No such restriction is contained in the statute now under consideration. Its language is broad and general and by its terms it operates in all places. Its operation on cases arising in other States and countries has not been denied by reason of anything contained in the act itself or in any other legislative act, but on general principles of law.

But the court rests its conclusion upon the act of the Legislature of this State which defines its boundaries and declares that the sovereignty and jurisdiction of this State *555 extends to all the places within the boundaries so declared (1 R.S., 62, 65), and it construes that act as a renunciation or abrogation of any effect which might on general principles of law be given to its statutes on board of vessels on the high seas.

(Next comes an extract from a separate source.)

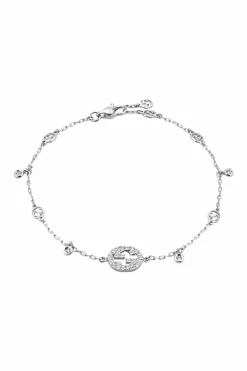 Gucci SREBRNY Bransoleta z białego złota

We are unable to concur in this view. The act referred to was intended to define simply the actual territorial bounds of the State, and the declaration that its sovereignty and jurisdiction should extend to all places within those bounds was not intended to nor could it operate as a restriction upon subsequent legislation, nor had it any reference to such a question as that now before us. Whatever operation our laws may have on board of vessels at sea depends upon general principles and there is nothing in the legislation of our State which places it in this respect on a different footing from any other. It is not claimed that the sovereignty and jurisdiction of this State extend to its vessels when at sea, as they do to places within its boundaries, for all purposes, such as service of process, the execution of judgments and the like, but only that when acts done at sea become the subject of adjudication here, the rights and liabilities of parties may in some cases be determined with reference to our statutes. There is nothing inconsistent with this in the act referred to, or in the assertion of sovereignty and jurisdiction for all purposes over places within the bounds of the State.

The decision of this court in Kelly v. Crapo is referred to as the highest evidence that this State never intended that its laws should extend to vessels on the high seas. That decision recognized the general principle that the laws of a nation do so extend, but was based upon the theory that the relation of the State to the Union was such that this attribute of sovereignty had become merged in the powers granted to the general government. But the judgment of the Supreme Court of the United States having established the contrary view, and that in matters not the subject of Federal legislation, the laws of the State follow the vessel, thus making the laws of the State and of the United States, in their respective spheres, together constitute the law of the *556 nation to which the vessel belongs, we adopt that decision as the judgment of the tribunal to whom the ultimate determination of questions of that nature properly belongs.

There is nothing in the nature of this action which renders it exclusively the subject of Federal cognizance. The jurisdiction of the States and of the United States in the matter of personal torts committed at sea such as assaults by a master on his crew, injuries to passengers, and the like, are concurrent, though remedies by proceedings in rem can be administered only by the courts of admiralty of the United States. The field of legislation in respect to cases like the present one has not been occupied by the general government and is therefore open to the States. (Steamboat Co. v. Chase, 16 Wall., 522, 530, 533.) Indeed the United States Court of Admiralty would have no jurisdiction in such a case (Steamboat Co. v. Chase, 16 Wall., 522, 530, 533; Sherlock v. Allen, 93 U.S. 99), and there is no greater objection to extending the operation of a statute of this description to a vessel at sea than there was to giving similar operation to a State insolvent law.

The judgment of the court below should be reversed, and judgment rendered for the plaintiff on the demurrer, with leave to the defendants to answer on payment of costs within thirty days.

All concur, except ANDREWS, J., absent.